Bucking the Sun, page 45
It gets to be a lot, Kate thought. The waitressing hours she could handle, Jackie as a wildcat three-year-old she could more or less handle, the complicated raft of Duff in-laws she could handle, even Bruce in his less sterling husbandly moments—well, handle was too strong a word there; put up with was the better expression, for now. But anyway, handling them all together would test Houdini, she was beginning to believe. She felt guilty for feeling so, but take right now, when she had just rounded up Jackie from Meg and was trying to keep an eye on him and listen to him chatter about his day with Mum Mum while at the same time supper had to be figured out and an educated guess be made on Bruce, whose hours were more unpredictable than ever now that he was on idle time.
“—an’ it scared me poopy, Mommy.”
That nailed her attention. “Jackie, honey, let’s don’t be saying that, all right?” With his particular grandfather, two uncles and great-uncle added onto his father, not to mention the general run of mouths in Wheeler, Kate considered it a wonder that Jackie’s language wasn’t saltier than it was. “If you say that around Mum Mum, Mum Mum will have kit—Mum Mum will not be very happy.” She snared the boy to her, then knelt down on one knee to be at his level. “Now then, Jackerado, what came along and scared you?”
“My nap.”
The boy watched the tip of his mother’s tongue peek out between her lips, and then she was making a frown at him.
“How—what scared you about that?” Kate asked, doing the best she could with her voice.

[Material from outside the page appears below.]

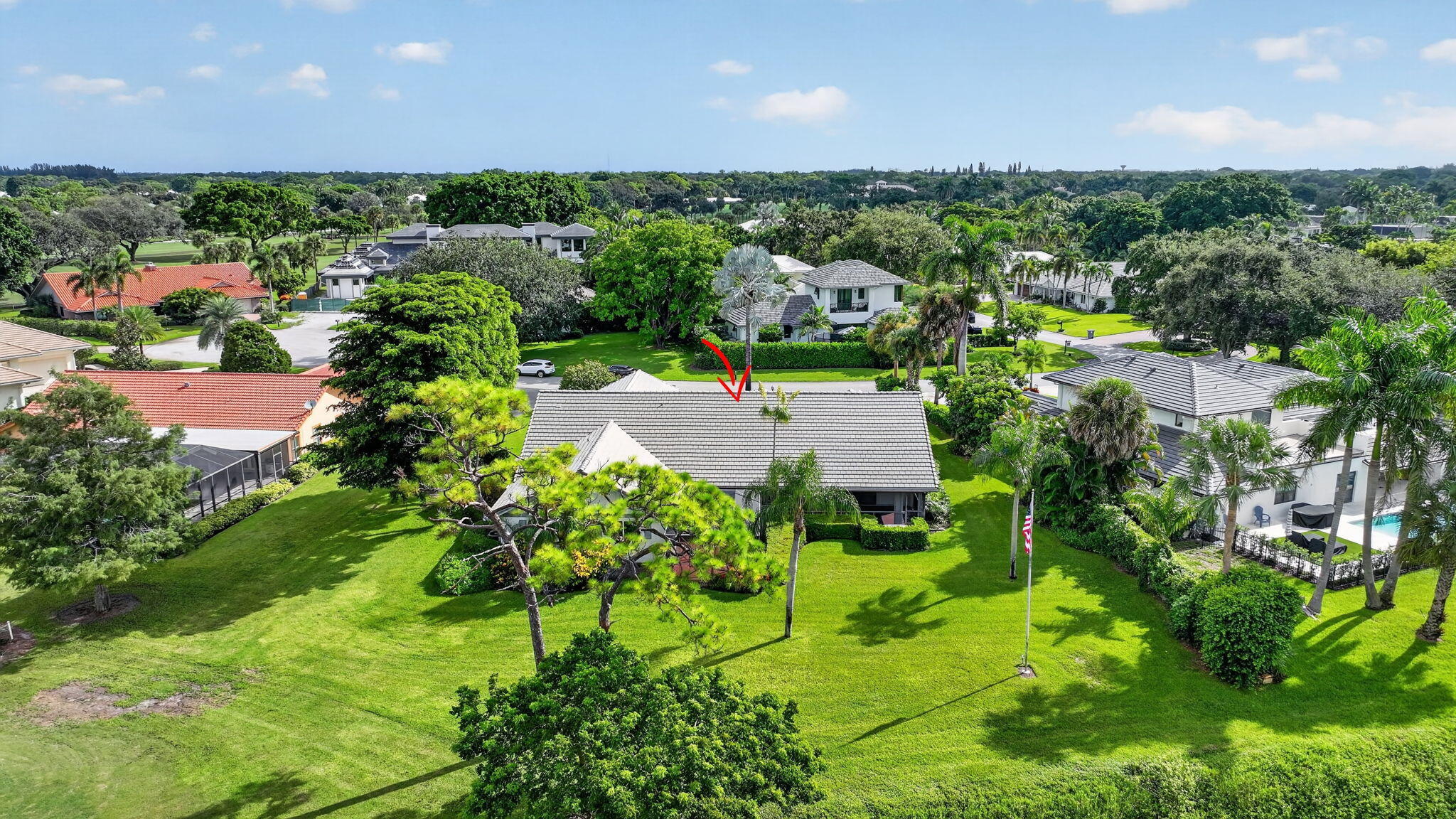 4717 SABAL PALM Drive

Normally Jackie slept in the style of his father, like a petrified log.
“There was—there was a, a, a swimmy thing.”
The tightness in her throat now threatened to shut off words there entirely. Instead they flooded to her mind. Dreams aren’t—I can’t have passed it on to—She worked her dry mouth and throat, the boy looking in her face reproachfully. “Tell Mommy”—she knew what she had to say, although not what to do if Jackie started telling her about being tied to the thing in the river—“tell Mommy all about it.”

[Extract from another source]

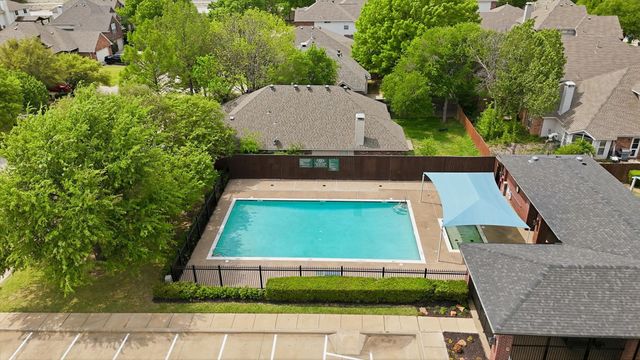 3509 Marquette Drive, Denton, TX 76210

The boy lifted his shoulders nearly to his ears. “Nighthorse!”
“Night—?” Meg is going to have him talking in Pig Latin, if I don’t watch out. “Yes, honey, everybody gets those. But in yours, what did the swimmy thing look like?”
The boy pouted tragically. “Like a washclaw.”

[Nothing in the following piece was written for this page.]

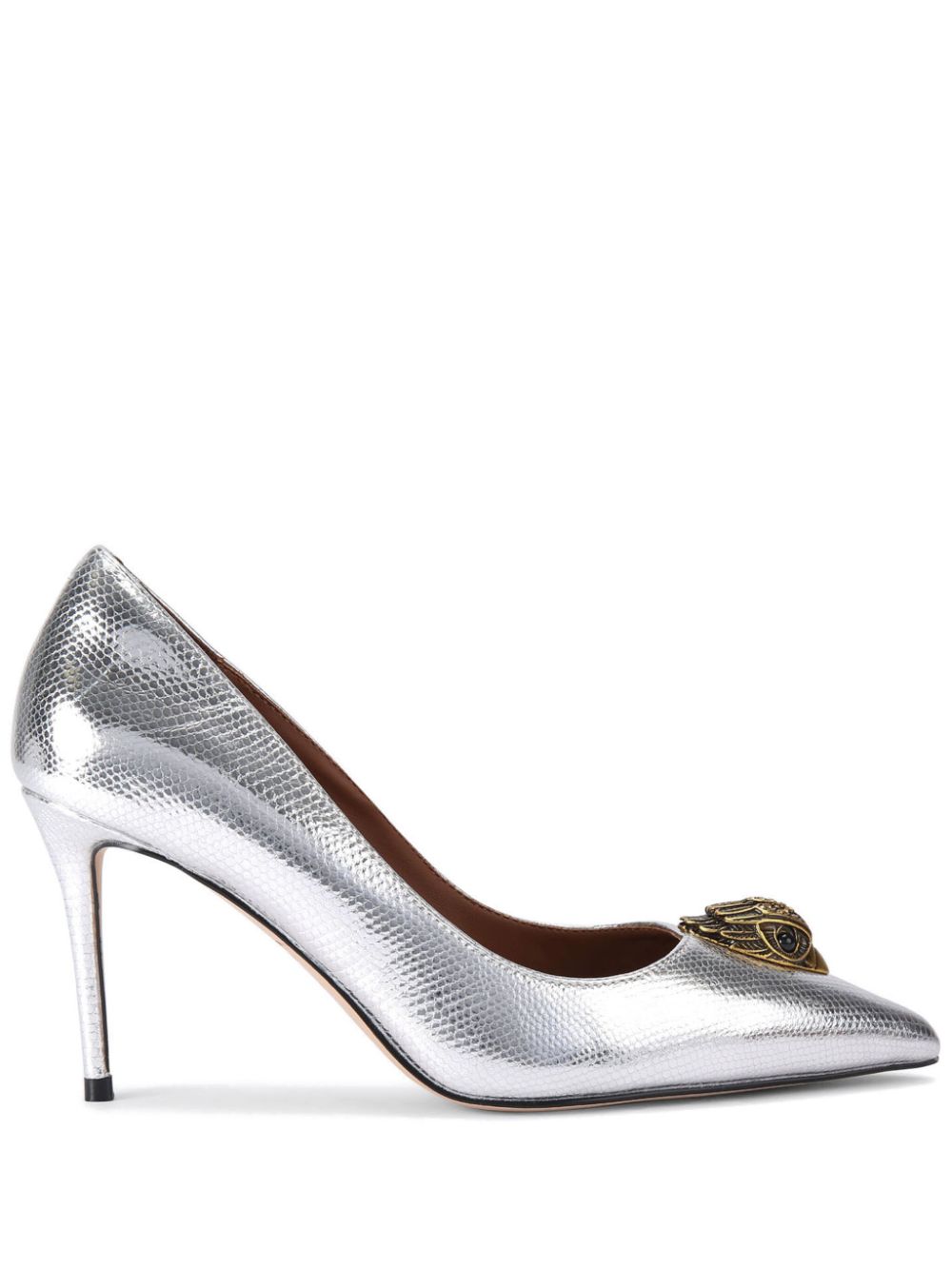 85mm Belgravia Eagle Court pumps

Kate nearly fell forward in relief. Jackie resisted baths. She and Meg long since had enlisted Bruce to do tub combat with him, and even so it took all of Bruce’s persuasive and other powers before the boy would let himself be subject to soapy water and washcloth.
“Mum Mum says don’t let the old nighthorse get me. I too big to, Mum Mum says.”
“That’s right, Jackie. Be big.” That’s what we all have to try to be, against the nightmares.
It was tricky, finding ways to meet, be alone together. The two knew that carelessness, even once, would do them in. All it would take was some other member of the family noticing the least little thing, odd coincidence of her and him. Or picking up a bit of gossip: I thought I just spotted your better half on (her) (his) way into . . . Reading it back into the behavior they both tried to keep so pussyfoot. Then word would be dropped, well-intentioned and devastating: They’re not going off together to learn to play the zither, are they.
They’d managed to meet three times before, this way, and if the third time was a charm, did the count grow better or worse from here on?
They did not absolutely have to, but they made love in whispers.
Afterward, other whispers:
“They’re going to catch us yet.”
“Not if we quit this now.”
“If.”
With so much of Fort Peck done, there was a general expectation that the last of the damwork would fly into place. Veteran and expert as they were at it by now, and with only the topping-off and the riprap left to do, virtually anybody on the workforce would brag that the dam could practically finish itself now.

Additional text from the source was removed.